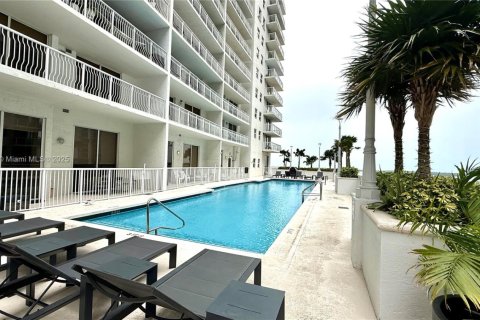 Condo in Miami, Florida  № 1834428 - photo 18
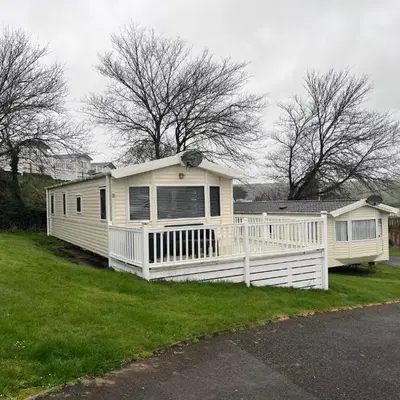 Take me to the beach at J&S caravan holidays Newquay Bay resort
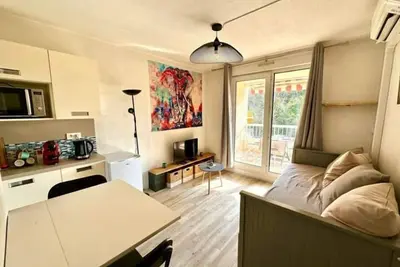 Image de Studio calme avec piscine proche du centre et de la gare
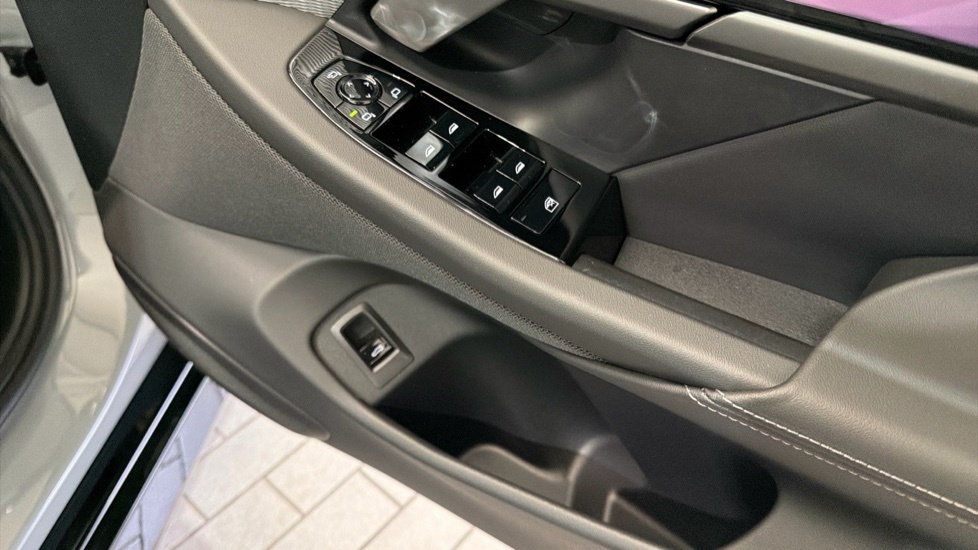 BMW i5 I5 Edrive40 M Sport Pro Saloon  #53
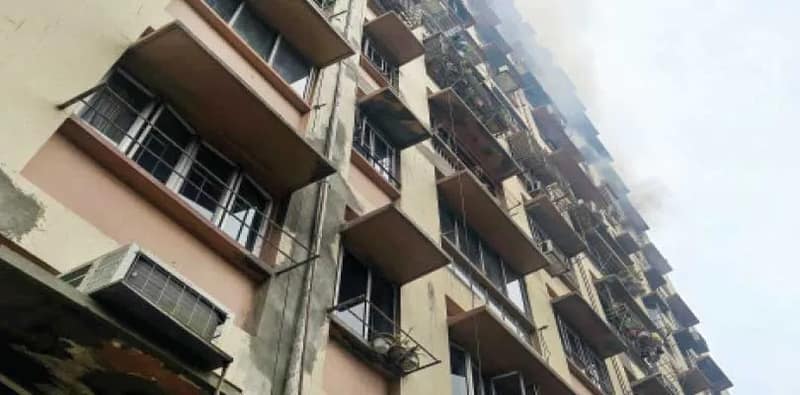 কেবল মেরামতির সময় বিস্ফোরণ, ঘণ্টাখানেক বিদ্যুৎহীন লেক অ্যাভিনিউ, সাদার্ন অ্যাভিনিউয়ে আবাসনে আগুন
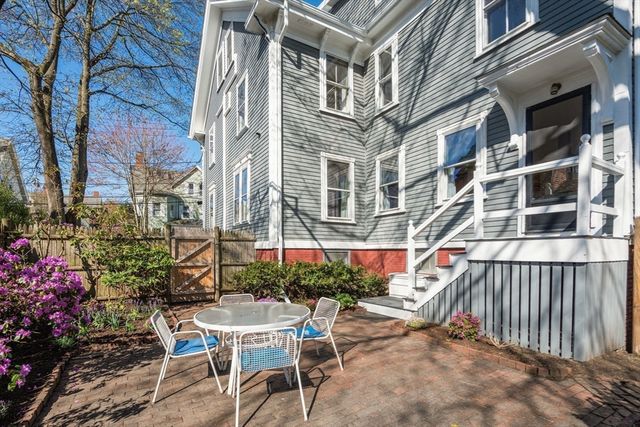 24 Otis St 24, Watertown, MA 02472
-------
▸ **GOAL OF THE EXERCISE**
The listing above must be restated word for word. Its pictures are to be left out.

▸ **EXERCISE RESPONSE**
 Condo in Miami, Florida  № 1834428 - photo 18
 Take me to the beach at J&S caravan holidays Newquay Bay resort
 Image de Studio calme avec piscine proche du centre et de la gare
 BMW i5 I5 Edrive40 M Sport Pro Saloon  #53
 কেবল মেরামতির সময় বিস্ফোরণ, ঘণ্টাখানেক বিদ্যুৎহীন লেক অ্যাভিনিউ, সাদার্ন অ্যাভিনিউয়ে আবাসনে আগুন
 24 Otis St 24, Watertown, MA 02472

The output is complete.